Give the data again word for word; drop the pictures.

Dataset extract
* * * * * * * * *

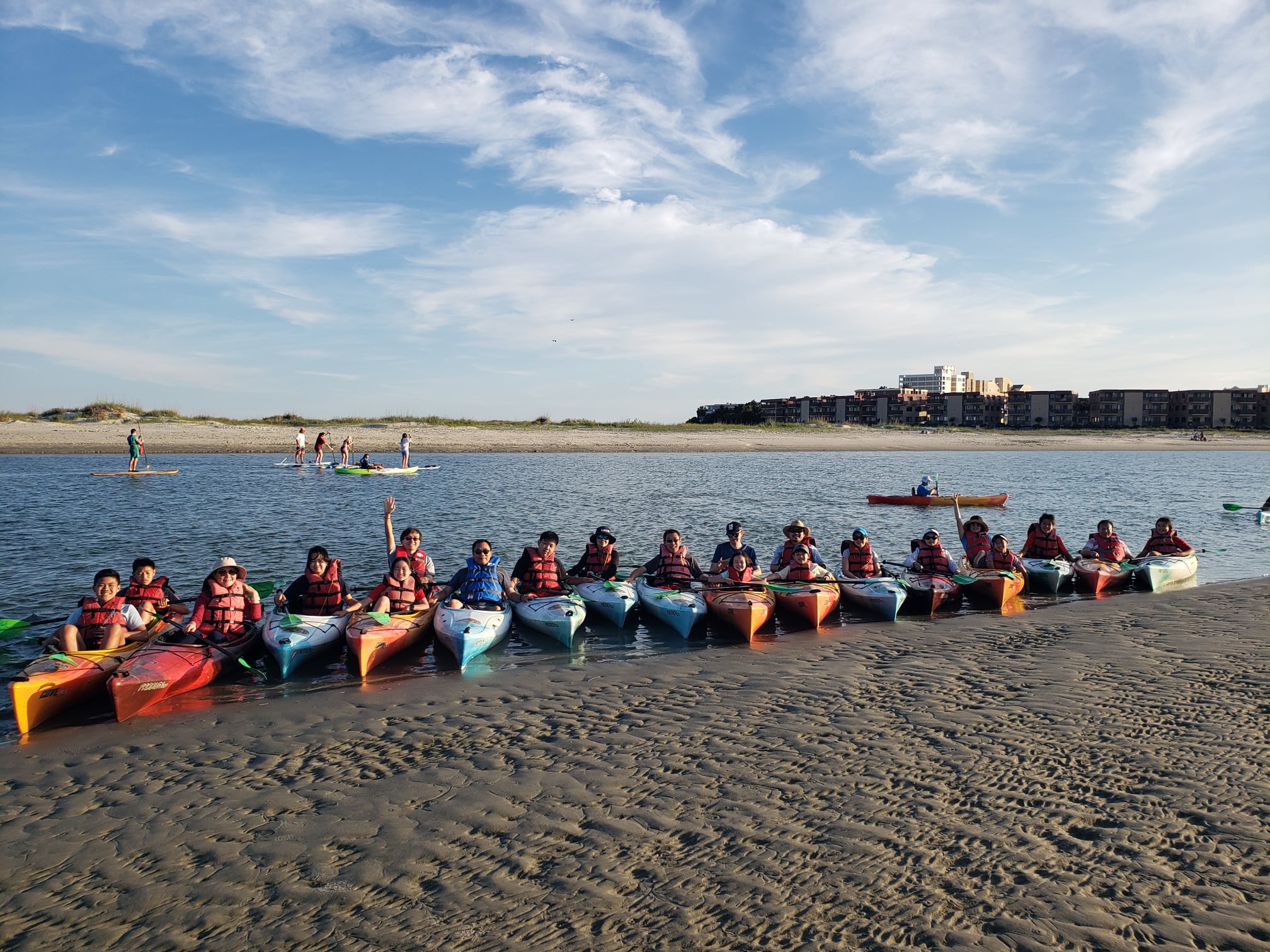 Great Escapes Kayak Expeditions6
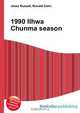 1990 Ilhwa Chunma season, Jesse Russell 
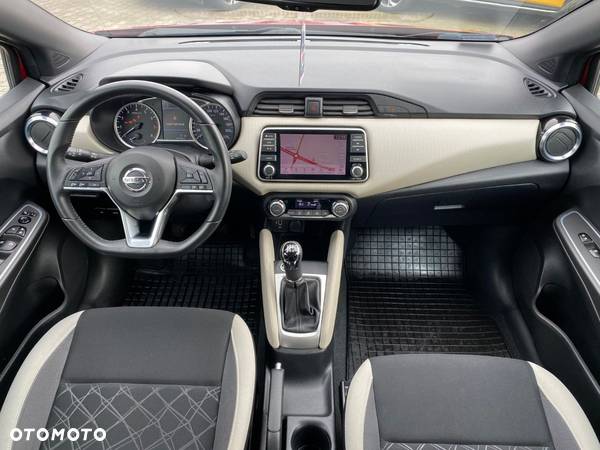 Nissan Micra 0.9 IG-T N-Connecta - 28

* * * * * * * * *

Solution to this task
 Great Escapes Kayak Expeditions6
 1990 Ilhwa Chunma season, Jesse Russell 
 Nissan Micra 0.9 IG-T N-Connecta - 28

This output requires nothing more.